[Data excerpts]:
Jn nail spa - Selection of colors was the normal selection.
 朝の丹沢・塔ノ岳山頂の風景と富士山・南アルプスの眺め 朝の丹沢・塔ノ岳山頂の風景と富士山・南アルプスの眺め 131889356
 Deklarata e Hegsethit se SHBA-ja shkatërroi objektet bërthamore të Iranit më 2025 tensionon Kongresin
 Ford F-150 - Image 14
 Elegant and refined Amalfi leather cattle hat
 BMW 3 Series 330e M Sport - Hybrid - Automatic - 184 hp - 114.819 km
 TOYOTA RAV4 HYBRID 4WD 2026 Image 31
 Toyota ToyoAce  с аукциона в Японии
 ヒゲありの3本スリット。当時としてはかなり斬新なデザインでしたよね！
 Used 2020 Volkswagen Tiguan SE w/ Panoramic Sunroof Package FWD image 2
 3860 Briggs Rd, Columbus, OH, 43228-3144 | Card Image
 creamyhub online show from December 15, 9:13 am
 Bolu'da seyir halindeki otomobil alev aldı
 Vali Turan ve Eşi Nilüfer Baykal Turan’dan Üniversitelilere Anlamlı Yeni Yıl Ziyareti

[Task]: The listing above is to be transcribed exactly. Include every line.

[Answer to the problem]:
Jn nail spa - Selection of colors was the normal selection.
 朝の丹沢・塔ノ岳山頂の風景と富士山・南アルプスの眺め 朝の丹沢・塔ノ岳山頂の風景と富士山・南アルプスの眺め 131889356
 Deklarata e Hegsethit se SHBA-ja shkatërroi objektet bërthamore të Iranit më 2025 tensionon Kongresin
 Ford F-150 - Image 14
 Elegant and refined Amalfi leather cattle hat
 BMW 3 Series 330e M Sport - Hybrid - Automatic - 184 hp - 114.819 km
 TOYOTA RAV4 HYBRID 4WD 2026 Image 31
 Toyota ToyoAce  с аукциона в Японии
 ヒゲありの3本スリット。当時としてはかなり斬新なデザインでしたよね！
 Used 2020 Volkswagen Tiguan SE w/ Panoramic Sunroof Package FWD image 2
 3860 Briggs Rd, Columbus, OH, 43228-3144 | Card Image
 creamyhub online show from December 15, 9:13 am
 Bolu'da seyir halindeki otomobil alev aldı
 Vali Turan ve Eşi Nilüfer Baykal Turan’dan Üniversitelilere Anlamlı Yeni Yıl Ziyareti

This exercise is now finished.